Artists and writers were also attracted to the amenities of Sunnyside Gardens ; in fact, the development in its early years was sometimes referred to as the ‘Greenwich Village annex’.” Artistic residents of the Gardens included painter Raphael Soyer, singer Perry Como and actress Judy Holliday. Crooner Rudy Vallee, NYPD Blue actress Justine Miceli, “Rhoda’s mom” and musicals star Nancy Walker, and tough-guy actor James Caan also lived in Sunnyside Gardens.
While I never attempted to live in Sunnyside Gardens I found the next best thing in the much smaller garden apartment complex in Little Neck, Westmoreland Gardens on Little Neck Parkway, two blocks from the LIRR. I had my eye on it ever since I began to frequent Little Neck when working in Port Washington beginning in the mid-1990s and finally obtained an apartment in 2007, some of the best money I ever spent.
As always, “comment…as you see fit.” I earn a small payment when you click on any ad on the site. Take a look at the new JOBS link in the red toolbar at the top of the page on the desktop version, as I also get a small payment when you view a job via that link.
7/23/24
3 comments
I never got why some apartment complexes have gardens in their name and why they are named that.

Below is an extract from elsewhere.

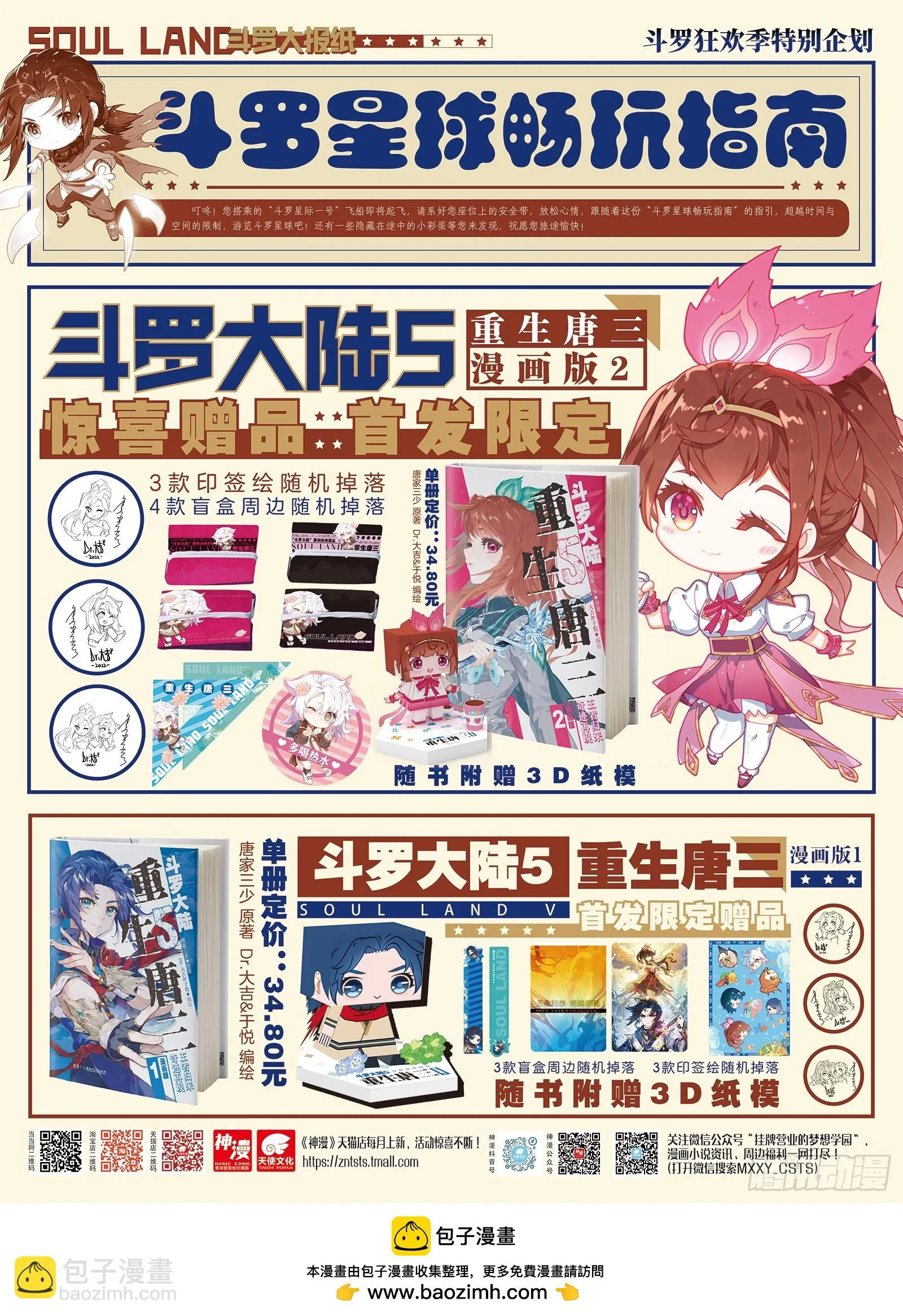 99 等你回来 第17页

Until the early 1800’s people lived in private homes or in dwellings with common rooms. Tenements, like in New York City, during that time, may have been multiple floors, with multiple private rooms, but they had common toilet facilities and may not have had central heat. It wasn’t until around the Civil War, that buildings with fully private “apartments”, and which had their their own toilets, were first constructed in New York. Upper middle-class private homes in cities, like New York, started to become impractical in the late 1800’s, which encouraged living in “apartment hotels” or “apartment buildings”. They provided common services, like central heat and water. In the former, private dining rooms, or ballrooms, or salons, were available to be booked, or shared, among the tenants, somewhat like the amenities to be found in modern apartment buildings. The latter were what became the norm, with the Dakota, on Central Park West, proving that luxury living could be acceptable in a multi-story building.
Apartment buildings were then “city” buildings, built on tight city blocks. The “Garden City” concept took the idea of multiple unit private apartments to the suburban areas and placed the buildings within green spaces for common use. Sunnyside Gardens was born from that concept. In later times, particularly after the Second World War, the same basic idea was followed, but with buildings that were two, or three, stories high. Many examples of them can be seen in the outer boroughs. They were considered Garden Apartments. Eventually, high-rise buildings were built on green campuses. Some may consider themselves as “garden apartments”, but they are really apartment buildings set in a more open space.
I’ve lived in Sunnyside Gardens my whole life. It’s become way too expensive and is no longer a “middle class” neighborhood regardless of what local politicians and carpetbaggers claim. $9500 in 1927 is about $170K today. The current prices are closer to $2 for very small (on average) 3 bdr attached houses.